I haven’t proceeded past this point, but I’d argue that the result should be different.

It seems more consistent if the result were to be as though there were a sufficient number of padding characters to begin with prior to insertion. In other words, .first - 7 should cause the correct number of padding characters to be inserted; then, the string is rebased with the additional characters (mirroring, if you will, the .last + n example).

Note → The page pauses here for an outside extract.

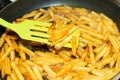 A cook mixes a spatula with fried potatoes in a frying pan in sunflower oil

Nevin · October 19, 2019, 4:33pm

I do not think we should introduce any new behaviors or collection APIs with this feature. Any code written with offsets should be treated as simply shorthand for the equivalent code that advances an index.

The out-of-bounds behavior should be identical to using indices, the insertion behavior should be identical, and so forth. If new behaviors are desired, then they should be proposed separately and work with indices as well.

Lantua · October 19, 2019, 4:44pm

That's the problem, out-of-bound indices are very hard to created, and is usually tied to logic error where trapping makes sense. Offset on the other hand is easier to be applied to inappropriate collections, so I don't think trapping is desirable.

michelf · October 19, 2019, 6:25pm

I actually agree somewhat with both of these seemingly contradictory statements.

I don't feel like using .first and .last is differentiated enough from the index-based API to justify a radically different behavior. It was said earlier that the offset-based accessors are a higher-level API, but you don't feel that at all when reading the code as they look exactly the same except for those mysterious constants .first and .last. Relying on type inference alone to distinguish between trapping and clamping behavior makes me uncomfortable.

If the API was named differently (for instance by adding the word "offset" in functions and subscripts), then it'd be distinctive and could adopt different behaviors without fear of being too confusing. Alternatively, if the constants were .firstOffset and .lastOffset that could probably work too.